#### RECORDED DATA

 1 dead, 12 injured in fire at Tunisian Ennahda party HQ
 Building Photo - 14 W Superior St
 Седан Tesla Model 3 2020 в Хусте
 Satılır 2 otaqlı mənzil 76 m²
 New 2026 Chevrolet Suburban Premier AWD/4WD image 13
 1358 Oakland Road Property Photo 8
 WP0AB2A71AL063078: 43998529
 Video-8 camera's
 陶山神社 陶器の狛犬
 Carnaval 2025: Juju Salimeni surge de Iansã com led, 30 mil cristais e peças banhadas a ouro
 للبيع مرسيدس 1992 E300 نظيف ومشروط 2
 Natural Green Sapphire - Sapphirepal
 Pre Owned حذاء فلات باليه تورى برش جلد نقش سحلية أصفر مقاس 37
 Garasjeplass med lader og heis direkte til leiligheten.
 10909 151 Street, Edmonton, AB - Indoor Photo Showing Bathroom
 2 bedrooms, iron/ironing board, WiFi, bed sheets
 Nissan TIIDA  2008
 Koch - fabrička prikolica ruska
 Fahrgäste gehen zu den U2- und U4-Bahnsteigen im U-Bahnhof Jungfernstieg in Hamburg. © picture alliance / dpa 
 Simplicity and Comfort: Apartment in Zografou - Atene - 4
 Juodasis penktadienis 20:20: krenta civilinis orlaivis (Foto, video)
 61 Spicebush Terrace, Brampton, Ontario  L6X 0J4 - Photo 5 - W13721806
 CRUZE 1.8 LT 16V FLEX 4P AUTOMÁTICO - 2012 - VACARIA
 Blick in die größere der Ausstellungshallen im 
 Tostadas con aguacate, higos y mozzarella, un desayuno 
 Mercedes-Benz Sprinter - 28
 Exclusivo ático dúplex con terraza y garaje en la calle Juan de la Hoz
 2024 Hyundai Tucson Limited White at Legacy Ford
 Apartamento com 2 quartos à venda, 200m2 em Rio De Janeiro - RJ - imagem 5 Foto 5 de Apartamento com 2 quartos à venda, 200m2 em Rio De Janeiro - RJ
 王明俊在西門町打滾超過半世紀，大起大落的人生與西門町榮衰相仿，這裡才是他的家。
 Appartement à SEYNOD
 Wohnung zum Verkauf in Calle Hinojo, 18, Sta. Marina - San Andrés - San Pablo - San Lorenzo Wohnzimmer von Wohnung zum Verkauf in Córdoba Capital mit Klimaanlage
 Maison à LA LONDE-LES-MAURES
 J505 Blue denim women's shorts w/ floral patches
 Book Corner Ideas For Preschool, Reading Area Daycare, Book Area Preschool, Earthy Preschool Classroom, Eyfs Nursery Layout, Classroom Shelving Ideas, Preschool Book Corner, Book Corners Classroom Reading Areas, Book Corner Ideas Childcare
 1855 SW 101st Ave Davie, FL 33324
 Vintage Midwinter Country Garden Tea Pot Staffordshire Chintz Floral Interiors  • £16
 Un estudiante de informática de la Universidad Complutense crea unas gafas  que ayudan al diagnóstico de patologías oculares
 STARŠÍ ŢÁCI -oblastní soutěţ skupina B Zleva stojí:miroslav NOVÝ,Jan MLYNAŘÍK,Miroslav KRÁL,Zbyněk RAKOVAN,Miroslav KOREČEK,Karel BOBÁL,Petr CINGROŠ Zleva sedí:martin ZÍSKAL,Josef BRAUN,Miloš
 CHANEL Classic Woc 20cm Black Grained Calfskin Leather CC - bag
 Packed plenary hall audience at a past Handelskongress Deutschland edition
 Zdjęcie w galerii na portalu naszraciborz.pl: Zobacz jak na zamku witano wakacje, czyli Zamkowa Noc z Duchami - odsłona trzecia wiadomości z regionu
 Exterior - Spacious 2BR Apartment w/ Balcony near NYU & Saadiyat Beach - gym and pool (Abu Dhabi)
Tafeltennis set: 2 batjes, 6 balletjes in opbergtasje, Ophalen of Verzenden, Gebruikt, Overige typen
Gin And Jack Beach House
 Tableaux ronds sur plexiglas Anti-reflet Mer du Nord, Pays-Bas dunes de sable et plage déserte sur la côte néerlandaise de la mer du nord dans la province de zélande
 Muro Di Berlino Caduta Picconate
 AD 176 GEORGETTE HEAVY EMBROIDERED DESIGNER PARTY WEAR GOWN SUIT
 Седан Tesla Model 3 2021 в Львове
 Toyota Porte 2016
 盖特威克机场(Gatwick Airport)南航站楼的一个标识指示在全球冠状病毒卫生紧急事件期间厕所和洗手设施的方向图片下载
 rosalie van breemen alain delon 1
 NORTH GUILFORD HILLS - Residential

########

*GOAL OF THE EXERCISE*. In the records above, locate each line with the word "Tesla". Copy all such lines.

*WRITTEN RESPONSE*.
 Седан Tesla Model 3 2020 в Хусте
 Седан Tesla Model 3 2021 в Львове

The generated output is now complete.